### What the exercise asks
Once the line holding "Never worn polka dot top" appears, repeat it and each line after it to the end of the data, exactly and with nothing else; pictures stay out.

☆ ☆ ☆ ☆ ☆ ☆ ☆

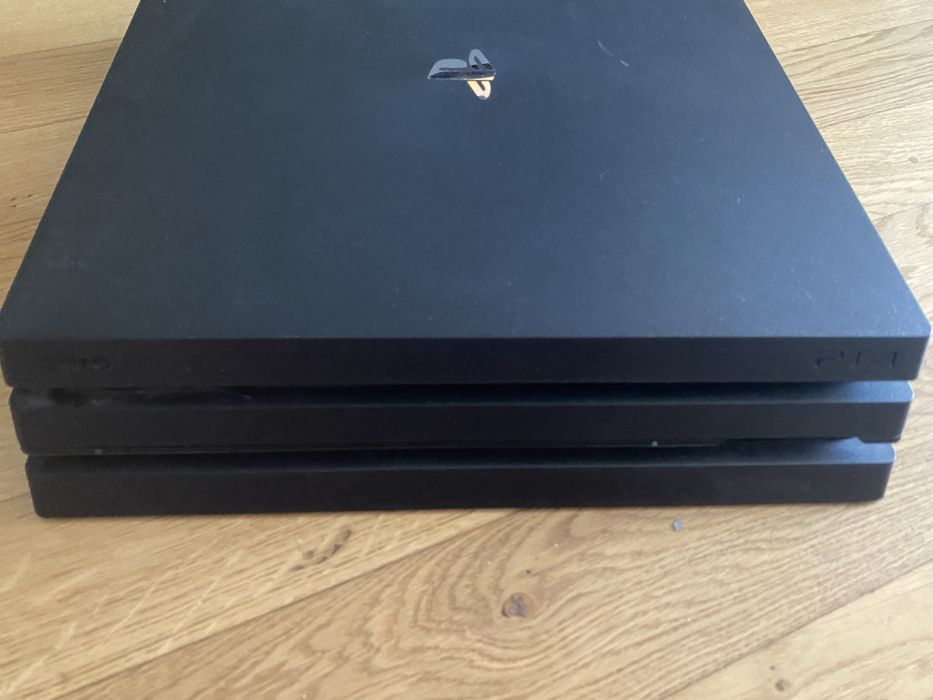 Playstation 4 pro и 3 джойстика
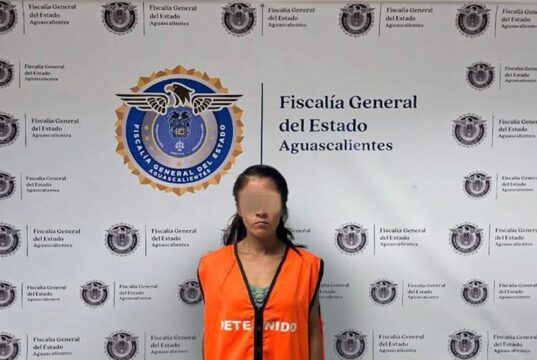 OBSERVÓ QUE A UNA PERSONA QUE SE CAYÓ SU CARTERA Y ESPERO QUE SE FUERA PARA RECOGERLA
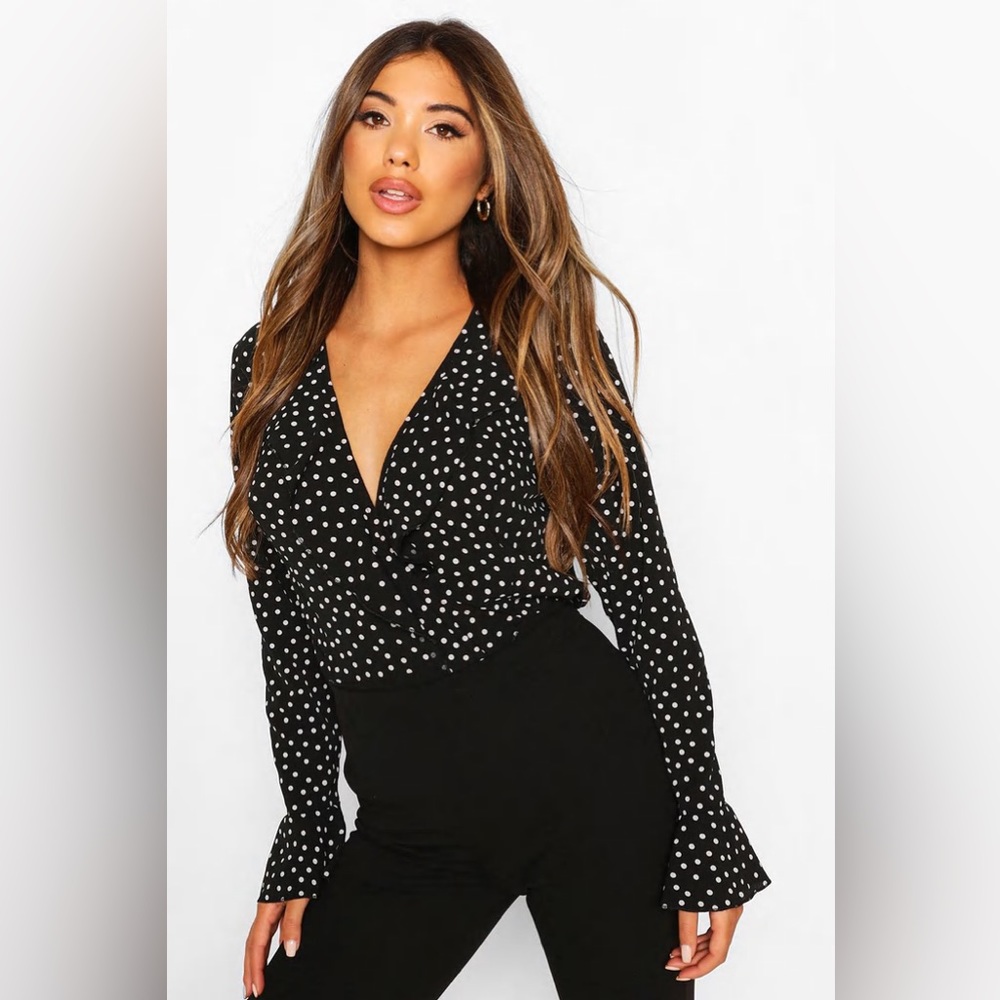 Never worn polka dot top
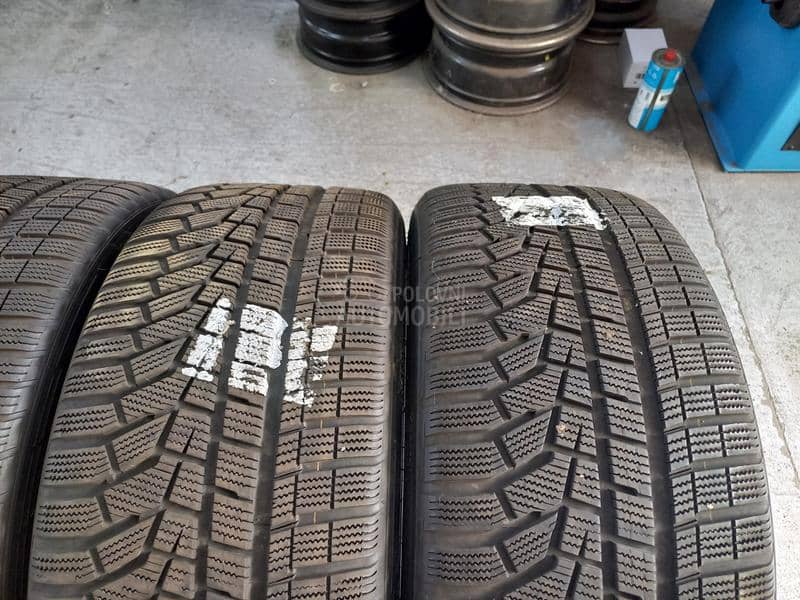 Hankook 275/40 R22 Zimska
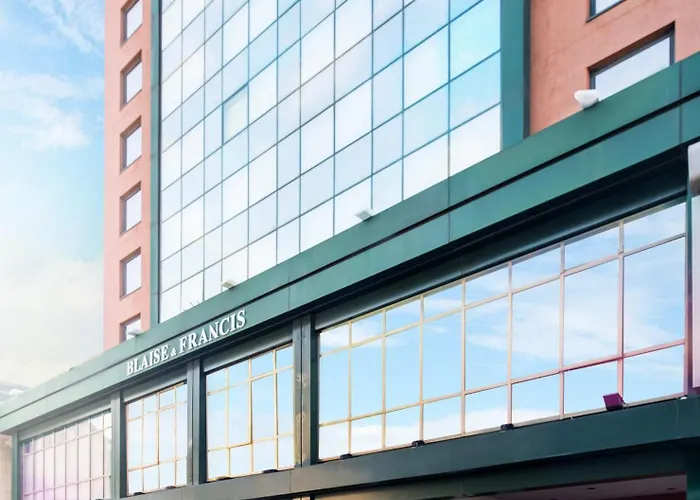 Blaise & Francis فندق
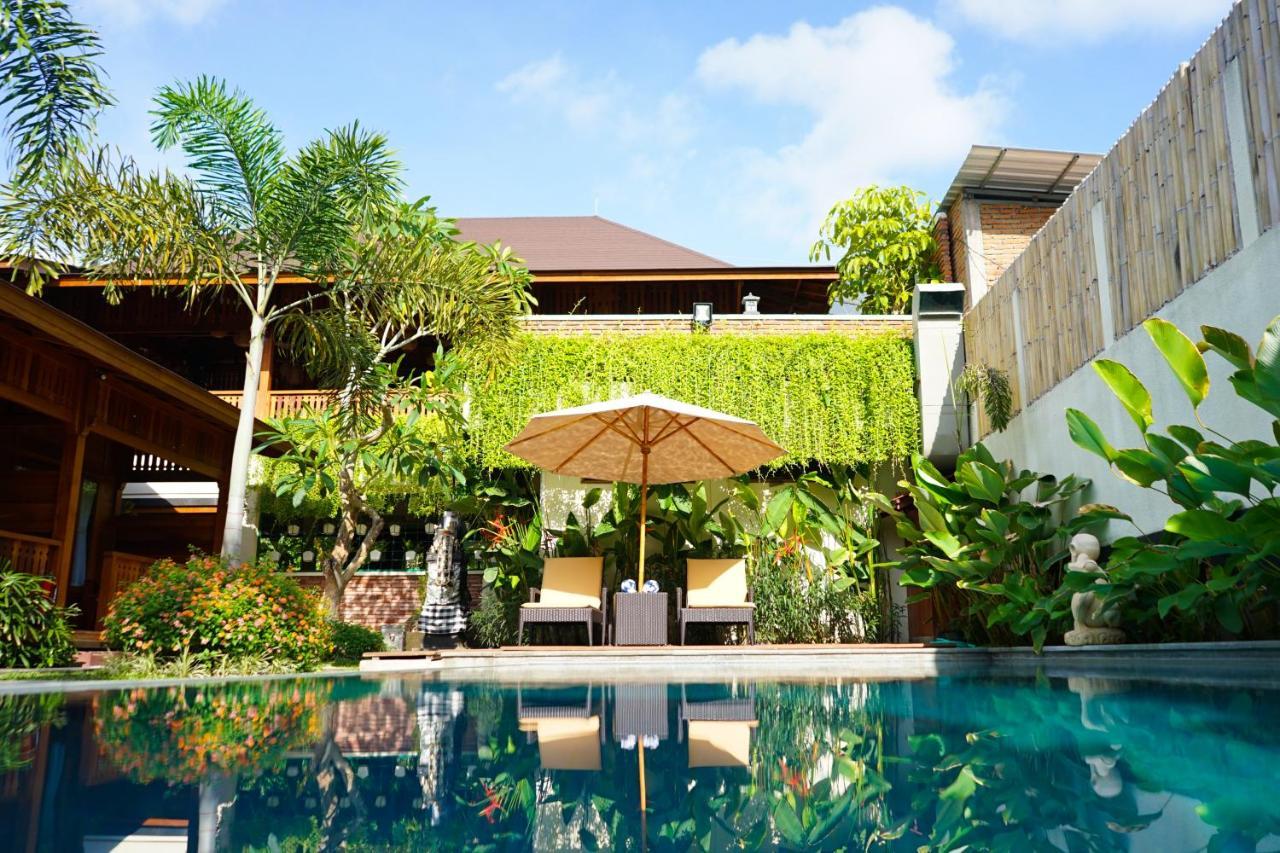 La'Villaris Hotel & Resto Kuta  ภายนอก รูปภาพ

☆ ☆ ☆ ☆ ☆ ☆ ☆

### Response to the exercise
 Never worn polka dot top
 Hankook 275/40 R22 Zimska
 Blaise & Francis فندق
 La'Villaris Hotel & Resto Kuta  ภายนอก รูปภาพ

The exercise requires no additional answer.